DATA UNDER STUDY:
# # # #
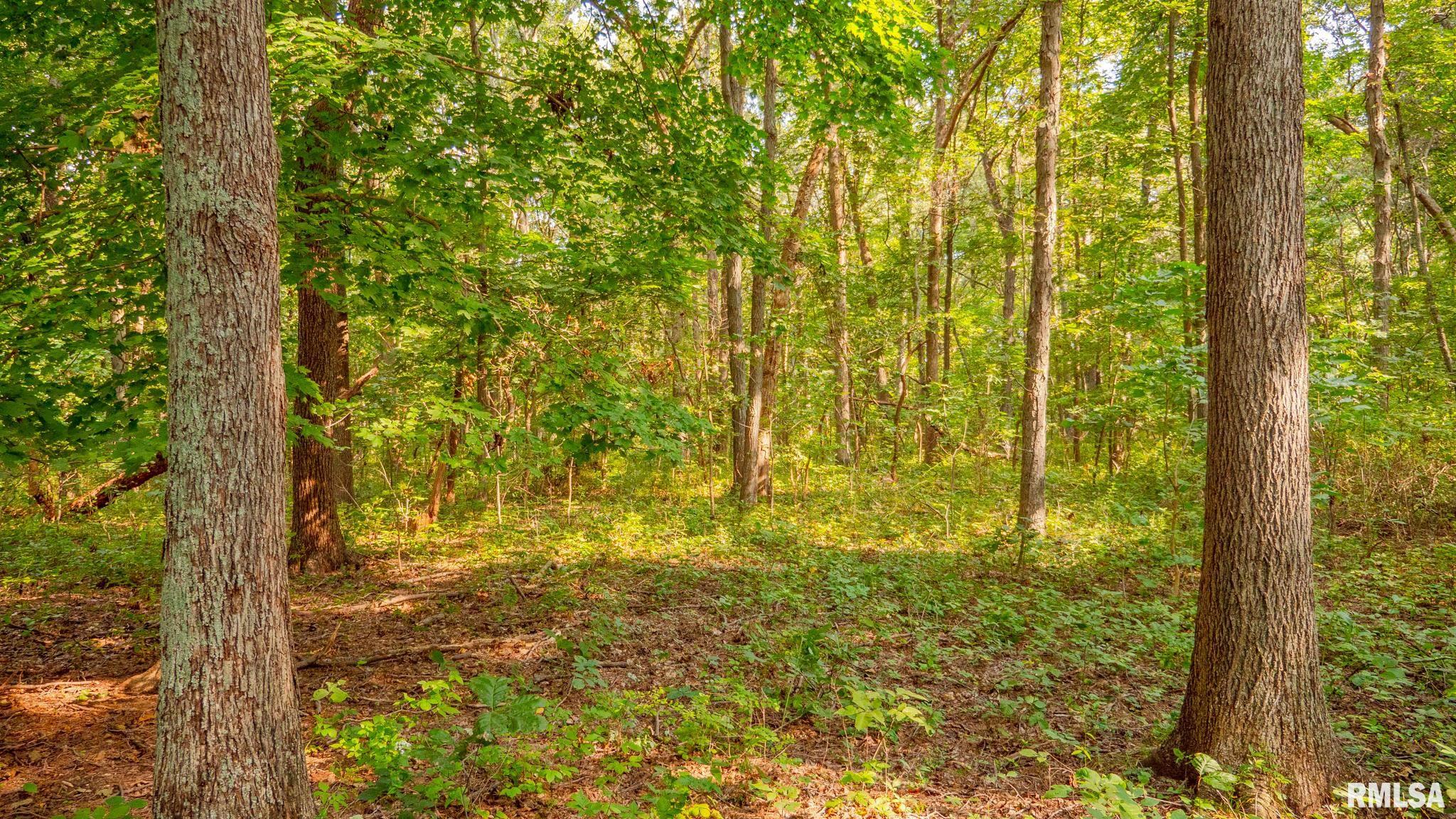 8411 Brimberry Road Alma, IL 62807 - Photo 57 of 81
# # # #
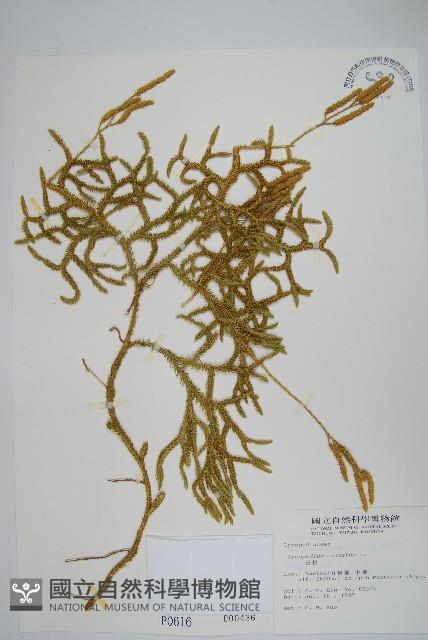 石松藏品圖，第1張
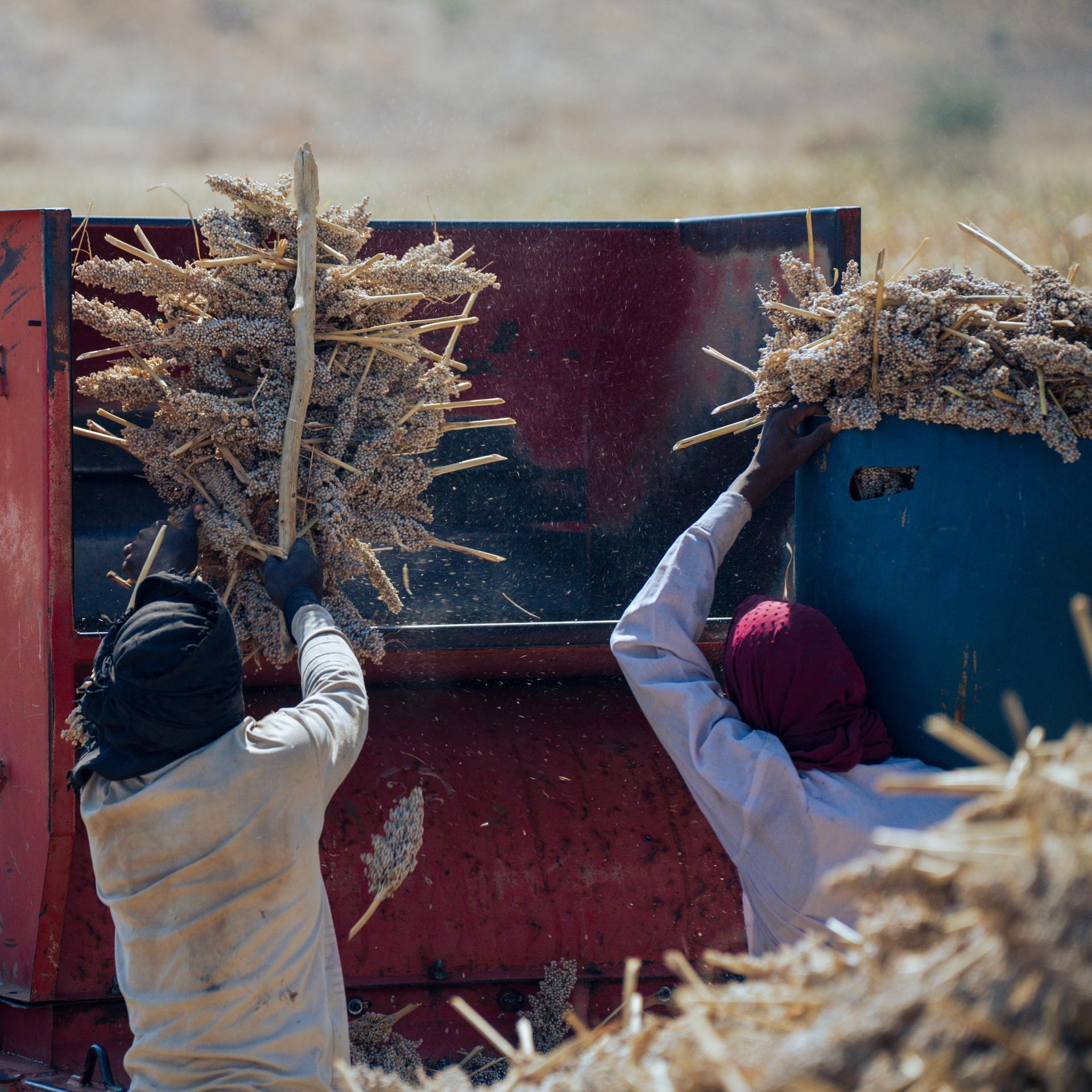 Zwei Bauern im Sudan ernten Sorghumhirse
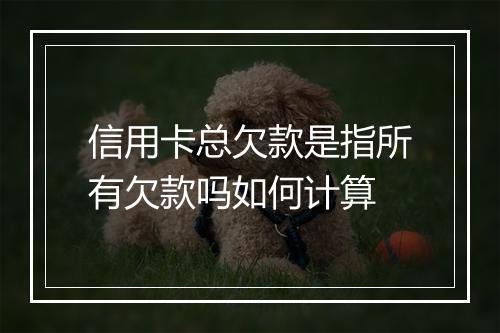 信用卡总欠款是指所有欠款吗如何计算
# # # #
WORK REQUEST:
Above are the records. Copy word for word only their lines from the one holding "Zwei Bauern im Sudan ernten Sorghumhirse" through the one holding "信用卡总欠款是指所有欠款吗如何计算", both included, and skip the images.

TASK RESPONSE:
 Zwei Bauern im Sudan ernten Sorghumhirse
 信用卡总欠款是指所有欠款吗如何计算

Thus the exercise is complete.